[Work instructions] Would you repeat word for word the lines of the listing that follows, from the one with "Linen~Visitors @ Santa" up to and including the one with "Jas Hujan Anak", and leave out the images?

Data to use: Begin

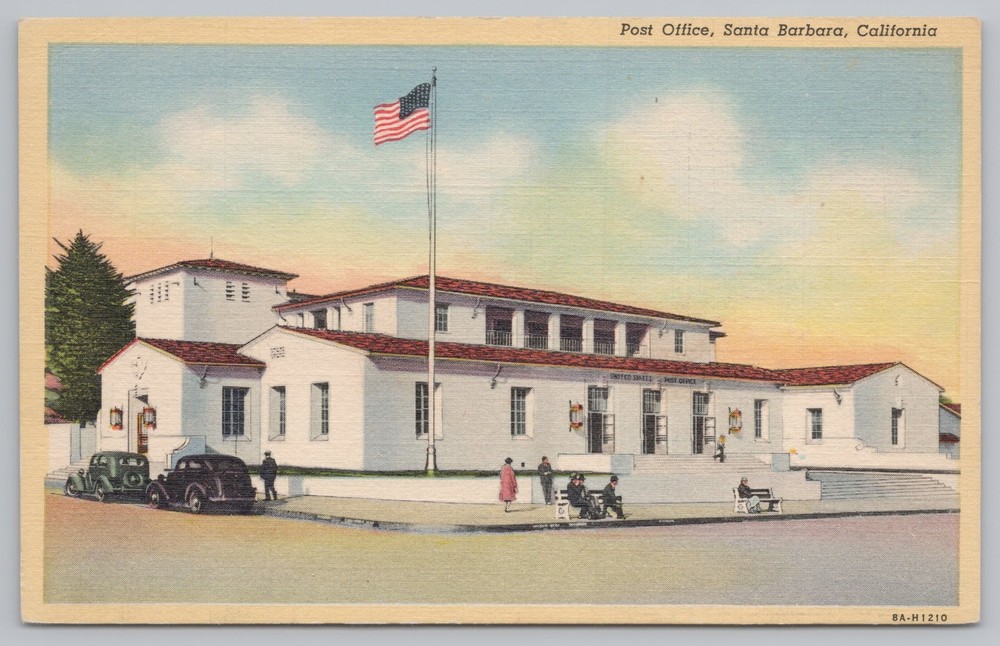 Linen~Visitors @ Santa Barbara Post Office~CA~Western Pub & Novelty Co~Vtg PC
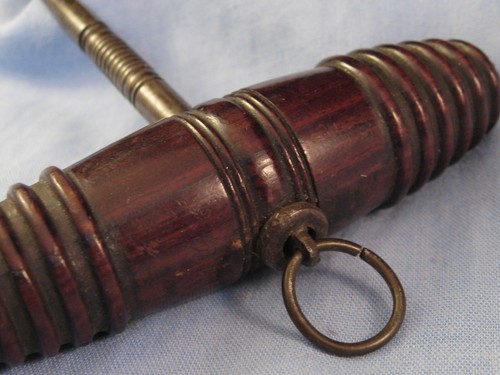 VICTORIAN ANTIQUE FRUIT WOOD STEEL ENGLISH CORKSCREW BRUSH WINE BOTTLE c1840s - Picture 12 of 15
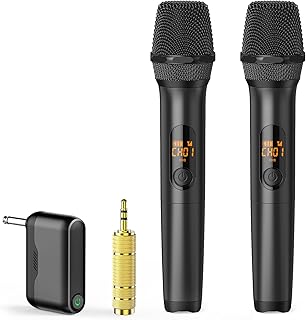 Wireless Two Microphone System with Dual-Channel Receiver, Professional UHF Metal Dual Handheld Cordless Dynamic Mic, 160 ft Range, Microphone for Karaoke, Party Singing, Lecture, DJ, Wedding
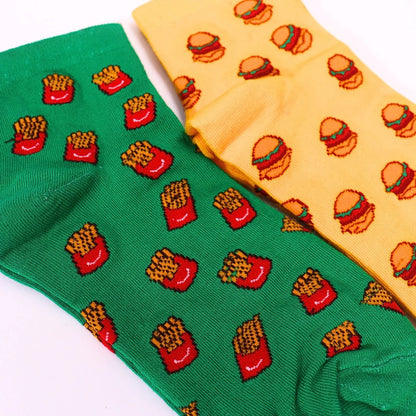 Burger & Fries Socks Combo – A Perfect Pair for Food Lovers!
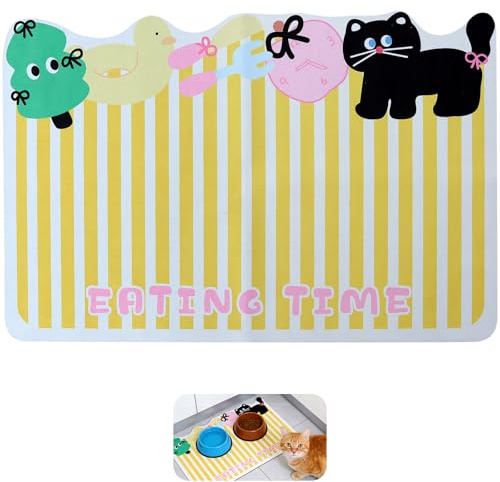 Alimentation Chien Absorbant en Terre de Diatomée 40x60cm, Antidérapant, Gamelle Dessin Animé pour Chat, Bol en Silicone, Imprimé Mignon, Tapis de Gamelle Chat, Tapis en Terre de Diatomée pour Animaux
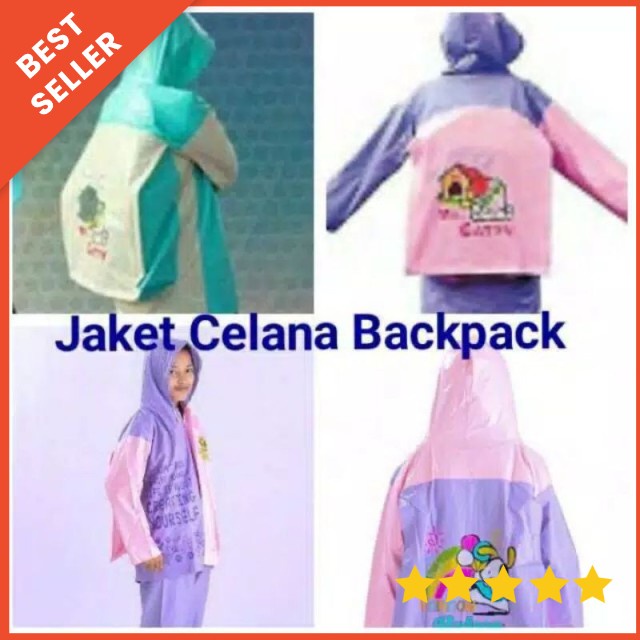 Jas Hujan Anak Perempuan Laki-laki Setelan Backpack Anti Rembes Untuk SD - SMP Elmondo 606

Data to use: End
Data to use: Begin

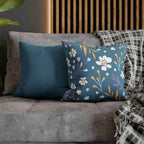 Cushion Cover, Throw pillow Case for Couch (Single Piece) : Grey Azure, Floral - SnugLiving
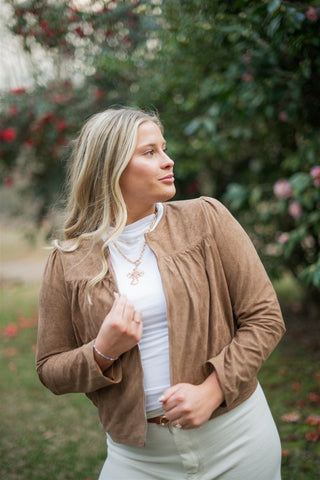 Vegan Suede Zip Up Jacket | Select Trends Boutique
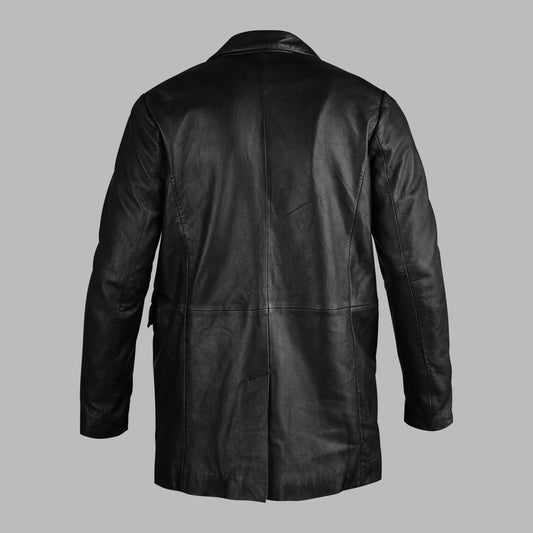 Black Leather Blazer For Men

Data to use: End

[Solution]
 Linen~Visitors @ Santa Barbara Post Office~CA~Western Pub & Novelty Co~Vtg PC
 VICTORIAN ANTIQUE FRUIT WOOD STEEL ENGLISH CORKSCREW BRUSH WINE BOTTLE c1840s - Picture 12 of 15
 Wireless Two Microphone System with Dual-Channel Receiver, Professional UHF Metal Dual Handheld Cordless Dynamic Mic, 160 ft Range, Microphone for Karaoke, Party Singing, Lecture, DJ, Wedding
 Burger & Fries Socks Combo – A Perfect Pair for Food Lovers!
 Alimentation Chien Absorbant en Terre de Diatomée 40x60cm, Antidérapant, Gamelle Dessin Animé pour Chat, Bol en Silicone, Imprimé Mignon, Tapis de Gamelle Chat, Tapis en Terre de Diatomée pour Animaux
 Jas Hujan Anak Perempuan Laki-laki Setelan Backpack Anti Rembes Untuk SD - SMP Elmondo 606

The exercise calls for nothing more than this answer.